The easiest way to properly measure your horse for a blanket is to have a friend help. Make sure your horse is standing square and on a level surface. Have your friend hold the end of a flexible fabric measuring tape at the middle of your horse’s chest (where the neck meets the center of the chest). While your friend holds the end of the tape in place, take the tape and run it along your horse’s side, parallel to the ground, measuring over the widest part of the shoulder and down his side all the way back to where you want the blanket to end. If you want the entire rump and tail covered, measure to the center of the tail. The total measurement in inches is his blanket size.
Blankets typically come in 2" increments (American sizing) or 3" increments (European sizing). If your horse falls in the middle of two sizes, round up to the next size. For example, if your horse measures 71", you should buy a 72" blanket, not a 70".
Leg straps are important when it comes to keeping a blanket in place. Just be sure to adjust them so they aren’t snug as you don’t want them chafing the horse. Blankets with nylon lining inside the shoulder area will help keep the hair from rubbing. You can also purchase a separate blanket liner to help prevent rubbing.

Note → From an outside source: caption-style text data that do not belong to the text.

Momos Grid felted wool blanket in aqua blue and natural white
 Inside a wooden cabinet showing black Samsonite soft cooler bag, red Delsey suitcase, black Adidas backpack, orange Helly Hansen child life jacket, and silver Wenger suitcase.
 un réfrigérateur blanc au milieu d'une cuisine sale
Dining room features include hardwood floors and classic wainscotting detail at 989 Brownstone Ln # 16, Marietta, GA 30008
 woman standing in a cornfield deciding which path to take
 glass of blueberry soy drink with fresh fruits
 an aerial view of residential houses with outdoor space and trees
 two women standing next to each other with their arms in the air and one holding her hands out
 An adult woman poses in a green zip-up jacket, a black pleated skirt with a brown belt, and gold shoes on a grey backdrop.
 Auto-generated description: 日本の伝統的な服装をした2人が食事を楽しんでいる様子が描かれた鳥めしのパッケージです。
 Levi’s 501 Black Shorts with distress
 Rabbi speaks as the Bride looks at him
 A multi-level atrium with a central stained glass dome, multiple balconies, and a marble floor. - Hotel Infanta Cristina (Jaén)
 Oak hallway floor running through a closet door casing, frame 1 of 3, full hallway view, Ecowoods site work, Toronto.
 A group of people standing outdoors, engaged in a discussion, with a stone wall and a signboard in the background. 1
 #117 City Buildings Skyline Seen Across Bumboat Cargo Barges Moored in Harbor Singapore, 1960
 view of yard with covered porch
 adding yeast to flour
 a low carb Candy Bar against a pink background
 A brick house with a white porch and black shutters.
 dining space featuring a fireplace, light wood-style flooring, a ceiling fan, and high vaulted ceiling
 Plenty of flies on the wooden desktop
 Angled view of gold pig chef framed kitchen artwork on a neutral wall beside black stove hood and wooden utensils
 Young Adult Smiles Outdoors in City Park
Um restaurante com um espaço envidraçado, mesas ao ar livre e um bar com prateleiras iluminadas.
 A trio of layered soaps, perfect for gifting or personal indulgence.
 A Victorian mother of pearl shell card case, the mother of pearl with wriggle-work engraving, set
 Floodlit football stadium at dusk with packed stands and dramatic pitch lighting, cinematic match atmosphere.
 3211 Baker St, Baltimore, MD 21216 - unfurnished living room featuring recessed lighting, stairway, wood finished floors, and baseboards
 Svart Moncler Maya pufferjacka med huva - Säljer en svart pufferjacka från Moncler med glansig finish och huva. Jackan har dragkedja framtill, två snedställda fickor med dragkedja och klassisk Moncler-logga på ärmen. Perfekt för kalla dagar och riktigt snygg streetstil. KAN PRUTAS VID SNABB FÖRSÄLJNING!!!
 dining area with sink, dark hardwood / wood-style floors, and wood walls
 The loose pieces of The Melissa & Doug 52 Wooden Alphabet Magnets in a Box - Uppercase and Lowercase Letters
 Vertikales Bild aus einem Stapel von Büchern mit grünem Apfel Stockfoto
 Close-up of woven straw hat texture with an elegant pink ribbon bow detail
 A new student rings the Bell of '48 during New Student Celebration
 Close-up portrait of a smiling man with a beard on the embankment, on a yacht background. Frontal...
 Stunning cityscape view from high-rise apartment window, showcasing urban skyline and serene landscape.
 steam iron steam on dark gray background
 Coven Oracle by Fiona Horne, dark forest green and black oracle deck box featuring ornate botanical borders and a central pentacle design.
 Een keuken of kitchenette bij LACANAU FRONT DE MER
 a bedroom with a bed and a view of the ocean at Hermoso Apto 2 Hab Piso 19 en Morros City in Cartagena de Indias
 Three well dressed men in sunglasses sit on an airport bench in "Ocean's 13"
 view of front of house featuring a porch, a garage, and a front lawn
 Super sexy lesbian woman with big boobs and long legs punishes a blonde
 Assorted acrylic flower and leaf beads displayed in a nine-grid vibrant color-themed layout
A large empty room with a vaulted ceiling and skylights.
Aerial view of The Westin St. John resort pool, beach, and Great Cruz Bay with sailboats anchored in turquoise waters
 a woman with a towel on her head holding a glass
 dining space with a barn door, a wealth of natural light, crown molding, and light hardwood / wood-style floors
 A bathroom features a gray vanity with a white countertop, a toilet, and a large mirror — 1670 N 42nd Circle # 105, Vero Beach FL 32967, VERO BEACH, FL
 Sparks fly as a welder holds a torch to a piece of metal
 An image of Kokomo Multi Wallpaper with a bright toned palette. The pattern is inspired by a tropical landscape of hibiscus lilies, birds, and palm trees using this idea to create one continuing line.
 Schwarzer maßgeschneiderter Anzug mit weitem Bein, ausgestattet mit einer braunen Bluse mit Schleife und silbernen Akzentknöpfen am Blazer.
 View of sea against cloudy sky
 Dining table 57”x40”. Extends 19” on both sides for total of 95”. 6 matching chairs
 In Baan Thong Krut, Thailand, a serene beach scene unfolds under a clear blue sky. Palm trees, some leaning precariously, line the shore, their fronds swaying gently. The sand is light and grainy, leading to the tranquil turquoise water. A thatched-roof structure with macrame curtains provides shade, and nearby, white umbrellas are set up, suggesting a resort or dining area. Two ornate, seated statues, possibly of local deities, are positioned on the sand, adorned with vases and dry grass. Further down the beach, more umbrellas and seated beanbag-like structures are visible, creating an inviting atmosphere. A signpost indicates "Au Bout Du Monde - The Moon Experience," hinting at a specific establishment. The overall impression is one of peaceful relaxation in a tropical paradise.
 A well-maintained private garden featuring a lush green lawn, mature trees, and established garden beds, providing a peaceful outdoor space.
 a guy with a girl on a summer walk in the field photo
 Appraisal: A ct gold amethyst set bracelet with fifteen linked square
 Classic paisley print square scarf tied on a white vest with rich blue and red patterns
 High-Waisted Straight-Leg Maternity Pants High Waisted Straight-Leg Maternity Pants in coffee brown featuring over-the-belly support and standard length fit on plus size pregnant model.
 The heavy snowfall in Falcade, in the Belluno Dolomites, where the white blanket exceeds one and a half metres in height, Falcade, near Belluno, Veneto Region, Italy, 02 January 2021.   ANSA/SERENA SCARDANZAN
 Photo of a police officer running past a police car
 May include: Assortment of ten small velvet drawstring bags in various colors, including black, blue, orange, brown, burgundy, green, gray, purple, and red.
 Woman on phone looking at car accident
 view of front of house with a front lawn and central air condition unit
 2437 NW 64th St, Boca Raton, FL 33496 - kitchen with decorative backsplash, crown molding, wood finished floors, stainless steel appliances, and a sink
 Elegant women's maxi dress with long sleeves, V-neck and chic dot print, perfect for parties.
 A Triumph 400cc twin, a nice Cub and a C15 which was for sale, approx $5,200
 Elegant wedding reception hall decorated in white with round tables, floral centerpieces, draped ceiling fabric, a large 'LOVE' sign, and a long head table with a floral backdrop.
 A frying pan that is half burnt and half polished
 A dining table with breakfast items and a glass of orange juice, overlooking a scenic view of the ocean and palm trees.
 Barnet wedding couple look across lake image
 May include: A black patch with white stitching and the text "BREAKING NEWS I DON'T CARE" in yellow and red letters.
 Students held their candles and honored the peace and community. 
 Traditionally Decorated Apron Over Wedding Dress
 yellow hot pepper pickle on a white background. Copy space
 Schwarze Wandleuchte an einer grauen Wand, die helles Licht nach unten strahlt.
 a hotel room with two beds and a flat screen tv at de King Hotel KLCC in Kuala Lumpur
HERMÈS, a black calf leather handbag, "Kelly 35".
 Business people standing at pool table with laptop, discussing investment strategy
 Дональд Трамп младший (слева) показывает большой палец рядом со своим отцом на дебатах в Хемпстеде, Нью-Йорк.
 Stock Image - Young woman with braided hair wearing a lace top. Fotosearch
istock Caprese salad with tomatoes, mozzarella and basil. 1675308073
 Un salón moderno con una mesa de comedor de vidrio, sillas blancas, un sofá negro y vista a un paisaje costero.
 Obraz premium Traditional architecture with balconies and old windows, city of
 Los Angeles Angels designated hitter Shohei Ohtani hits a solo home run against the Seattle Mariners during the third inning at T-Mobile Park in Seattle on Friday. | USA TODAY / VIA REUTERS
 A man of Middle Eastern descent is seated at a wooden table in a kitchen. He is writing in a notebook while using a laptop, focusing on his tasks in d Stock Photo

When you start shopping for blankets, you’re bound to run into the term “denier.” Denier is a unit of measure for the size or coarseness of fiber or yarn. The lower the denier, the finer the fiber.
Just as a high thread count signifies quality when buying sheets for your bed, a high denier number means a horse blanket that has a greater resistance to snags, abrasion and tearing. If you want a blanket that will hold up to the tough wear and tear horses can dish out, look for one with a high denier number. Generally speaking, the higher the denier, the more durable the blanket.
Basic Blanket Care
Although some horses are hard on blankets and try to chew them, urine and manure can also end up causing significant damage because the acids eat away at the material. You can buy a blanket-waterproofing product, which will help repel stains.
When a blanket gets dirty, let it dry and then brush it off with a stiff brush. Follow label directions and wash periodically in an industrial washing machine, preferably with cold water. Waterproof blankets are generally better off being professionally cleaned.
Dryers tend to beat up blankets, so it’s better to use them minimally and hang blankets to finish drying completely.
Once winter is over, make sure blankets are thoroughly cleaned before storing them away. Have any necessary repairs done at this time as well. If you have multiple horses and blankets, it’s helpful to write the horse’s name and blanket size on a piece of masking tape and put that on the blanket or storage bag before putting them away for the season. Some horse owners like to tuck a dryer sheet in with the clean, folded blanket, as they think this deters bugs. Just be sure to store blankets in a rodent-proof area. You don’t want to pull them out next season to discover they’ve been turned into mouse bedding.